Four-component Domino Reaction Providing an Easy Access to Multifunctionalized Tricyclo[6.2.2.0^1,6]dodecane Derivatives

Abstract

A novel four-component domino reaction has been discovered. The reaction is easy to perform simply by mixing four common reactants and Cs₂CO₃ in ethylene glycol under microwave heating. The reaction proceeds at fast rates and can be finished within 15–24 min, which makes work-up convenient. Four stereogenic centers with one quaternary carbon-amino function have been controlled completely. The stereochemistry has been unequivocally determined by X-ray structural analysis. The resulting tricyclo[6.2.2.0^1,6]dodecane derivatives are of importance for organic and medicinal research.

Introduction

Efficient and elegant assembly of complex structures with multiple stereocenters has become an important topic in chemical sciences.^1–4 Multi-component domino reaction has thus emerged as a powerful tool for this purpose in which a series of chemical processes can be controlled in a one-pot operation; it can avoid time-consuming and costly syntheses, tedious work-up and purifications of precursors as well as protection/deprotection of functional groups.^5–6

In the past several years, we have been engaging in the development of multi-component domino reactions that can provide easy accesses to useful core structures of chemical and pharmaceutical interests.^7–8 Very recently, we discovered a new four-component domino reaction for the synthesis of multifunctionalized quinazoline derivatives.^7a The reaction is easy to perform simply by mixing readily available starting materials, aromatic aldehyde, cyclopentanone and cyanoacetamide with K₂CO₃ in ethylene glycol under microwave (MW) irradiation. This reaction is believed to undergo the tandem formations of two different Knoevenagel intermediates followed by C=C bond rearrangement, [4+2] cycloaddition, intramolecular Michael-type addition and carbonyl addition/elimination reactions.

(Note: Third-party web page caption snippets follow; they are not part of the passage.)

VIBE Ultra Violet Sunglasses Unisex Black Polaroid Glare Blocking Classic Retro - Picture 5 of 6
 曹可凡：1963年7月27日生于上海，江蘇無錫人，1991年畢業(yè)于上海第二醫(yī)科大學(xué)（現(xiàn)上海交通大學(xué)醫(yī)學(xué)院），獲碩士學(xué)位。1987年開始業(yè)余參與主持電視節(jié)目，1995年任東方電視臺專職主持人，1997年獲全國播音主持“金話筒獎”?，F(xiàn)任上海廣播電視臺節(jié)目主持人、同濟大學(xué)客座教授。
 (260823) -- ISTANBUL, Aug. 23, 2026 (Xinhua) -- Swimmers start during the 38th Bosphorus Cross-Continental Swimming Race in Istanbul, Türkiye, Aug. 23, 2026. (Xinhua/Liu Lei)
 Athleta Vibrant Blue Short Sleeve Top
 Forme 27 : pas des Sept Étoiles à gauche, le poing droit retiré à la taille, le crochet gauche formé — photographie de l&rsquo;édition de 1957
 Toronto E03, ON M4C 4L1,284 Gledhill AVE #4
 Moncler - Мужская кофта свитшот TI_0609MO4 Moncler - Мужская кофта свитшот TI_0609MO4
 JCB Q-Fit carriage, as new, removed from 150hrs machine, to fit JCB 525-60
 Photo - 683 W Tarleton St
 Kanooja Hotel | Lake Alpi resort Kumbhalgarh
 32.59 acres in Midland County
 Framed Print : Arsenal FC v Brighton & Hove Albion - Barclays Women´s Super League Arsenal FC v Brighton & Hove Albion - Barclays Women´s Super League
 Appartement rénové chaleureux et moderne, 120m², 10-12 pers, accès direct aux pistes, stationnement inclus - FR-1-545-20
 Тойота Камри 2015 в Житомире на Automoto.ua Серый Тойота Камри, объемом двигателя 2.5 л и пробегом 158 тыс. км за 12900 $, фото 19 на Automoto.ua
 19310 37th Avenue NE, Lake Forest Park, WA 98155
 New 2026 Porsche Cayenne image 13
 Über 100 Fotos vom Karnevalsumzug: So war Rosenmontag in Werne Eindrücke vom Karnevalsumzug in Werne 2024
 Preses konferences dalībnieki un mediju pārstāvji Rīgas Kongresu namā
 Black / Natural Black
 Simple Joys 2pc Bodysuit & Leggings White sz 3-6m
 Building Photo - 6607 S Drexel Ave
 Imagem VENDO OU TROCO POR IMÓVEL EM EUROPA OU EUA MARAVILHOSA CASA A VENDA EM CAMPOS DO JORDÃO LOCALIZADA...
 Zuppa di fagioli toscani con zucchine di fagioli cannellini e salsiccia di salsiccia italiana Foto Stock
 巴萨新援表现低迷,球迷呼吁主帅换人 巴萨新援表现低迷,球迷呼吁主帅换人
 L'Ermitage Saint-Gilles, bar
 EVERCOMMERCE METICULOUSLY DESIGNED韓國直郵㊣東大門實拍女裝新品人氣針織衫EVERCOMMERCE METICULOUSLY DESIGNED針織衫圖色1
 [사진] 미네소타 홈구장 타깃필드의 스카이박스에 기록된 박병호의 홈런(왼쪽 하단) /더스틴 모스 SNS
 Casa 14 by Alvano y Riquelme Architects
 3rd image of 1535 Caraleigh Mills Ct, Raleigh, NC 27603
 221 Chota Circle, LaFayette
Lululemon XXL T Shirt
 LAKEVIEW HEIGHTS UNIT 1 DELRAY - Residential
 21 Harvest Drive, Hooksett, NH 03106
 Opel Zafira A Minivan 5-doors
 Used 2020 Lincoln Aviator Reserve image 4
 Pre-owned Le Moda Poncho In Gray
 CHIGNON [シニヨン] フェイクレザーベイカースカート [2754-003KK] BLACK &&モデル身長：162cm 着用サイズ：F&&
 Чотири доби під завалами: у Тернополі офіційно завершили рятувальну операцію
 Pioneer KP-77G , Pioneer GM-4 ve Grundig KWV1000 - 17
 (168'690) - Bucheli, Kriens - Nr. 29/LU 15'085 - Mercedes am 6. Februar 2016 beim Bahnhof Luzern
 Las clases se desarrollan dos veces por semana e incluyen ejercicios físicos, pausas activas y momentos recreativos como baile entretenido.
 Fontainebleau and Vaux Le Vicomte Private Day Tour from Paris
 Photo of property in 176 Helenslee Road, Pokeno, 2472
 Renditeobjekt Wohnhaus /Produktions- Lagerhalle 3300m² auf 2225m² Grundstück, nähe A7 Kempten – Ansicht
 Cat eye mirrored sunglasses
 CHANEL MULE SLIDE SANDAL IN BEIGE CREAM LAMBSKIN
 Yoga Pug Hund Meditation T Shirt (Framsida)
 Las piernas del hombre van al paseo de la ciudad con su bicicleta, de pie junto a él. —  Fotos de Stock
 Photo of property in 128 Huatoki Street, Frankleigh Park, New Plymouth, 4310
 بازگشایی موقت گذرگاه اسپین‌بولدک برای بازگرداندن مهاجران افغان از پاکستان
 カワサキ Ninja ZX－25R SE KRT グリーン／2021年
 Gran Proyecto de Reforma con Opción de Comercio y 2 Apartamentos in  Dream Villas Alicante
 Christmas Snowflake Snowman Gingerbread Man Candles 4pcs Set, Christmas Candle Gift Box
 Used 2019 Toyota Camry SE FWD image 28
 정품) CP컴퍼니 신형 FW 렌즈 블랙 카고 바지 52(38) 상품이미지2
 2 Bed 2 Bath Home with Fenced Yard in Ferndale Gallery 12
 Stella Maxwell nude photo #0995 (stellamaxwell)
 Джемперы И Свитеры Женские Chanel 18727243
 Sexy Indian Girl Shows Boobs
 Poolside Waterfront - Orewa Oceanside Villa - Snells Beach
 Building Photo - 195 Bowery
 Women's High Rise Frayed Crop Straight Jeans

During continuing this project, we found that when aromatic aldehydes employed in our previous system were replaced by their aliphatic counterparts, the quinazoline derivatives were not generated. Instead, the reaction occurred to another direction to form multi-functionalized tricyclo[6.2.2.0^1,6]dodecanes that belong to another family of important scaffolds for organic synthesis and drug design in pharmaceutical sciences.⁹ In this communication, we would like to disclose the discovery of this novel four-component domino reaction (Scheme 1).

Scheme 1.

The four-component domino reaction

Results and Discussion

We started this study by subjecting iso-butyraldehyde and cycloketones 2a to the reactions with cyanoacetamide 3 in the presence of K₂CO₃ under microwave (MW) irradiation (Scheme 2).^7a As described in our previous communication, the original reaction worked best in ethylene glycol at 120 °C. However, in the current aliphatic aldehyde-based system, the product 4a was only obtained in a yield of 42%. We then decreased the temperature to 80 °C and found the yield can be enhanced to 51% (a similar yield was obtained at 100 °C). Pleasingly, when we utilized one equiv. of Cs₂CO₃ to replace K₂CO₃ as the base additive at this temperature, the yield can be further increased to 73% (Table 1, entry 3).

Scheme 2.

The four-component domino reaction of 1 with 2a and 3

Table 1.

Optimization of reaction conditions

Entry	Base	T / °C	Time / min	Yield /%a
1	K2CO3	120	20	47
2	K2CO3	80	16	51
3	Cs2CO3	80	15	73

^aIsolated yield

Under the above optimized conditions, the substrate scope of this reaction was examined by using readily available starting materials. As revealed in Table 1, a range of aliphatic aldehydes are suitable for reacting with various cyclic cycloketones 2 and cyanoacetamide 3 under microwave heating. In addition, the scope of cycloketones 2 was also proven to be remarkable, which include normal cycloketones (2a and 2b) and heteroatom (O, S, and N)-attached cycloketones, such as tetrahydropyran-4-one 2c, tetrahydrothiopyran-4-one 2d, N-t-Boc and N-Bn-piperidin-4-one 2e–f. Particularly, the N-t-Boc-amino cycloketone substrate (2d) led to cycloamino products 4l–4o in which N-t-Boc functionality was found to be stable under microwave irradiation at 80 °C.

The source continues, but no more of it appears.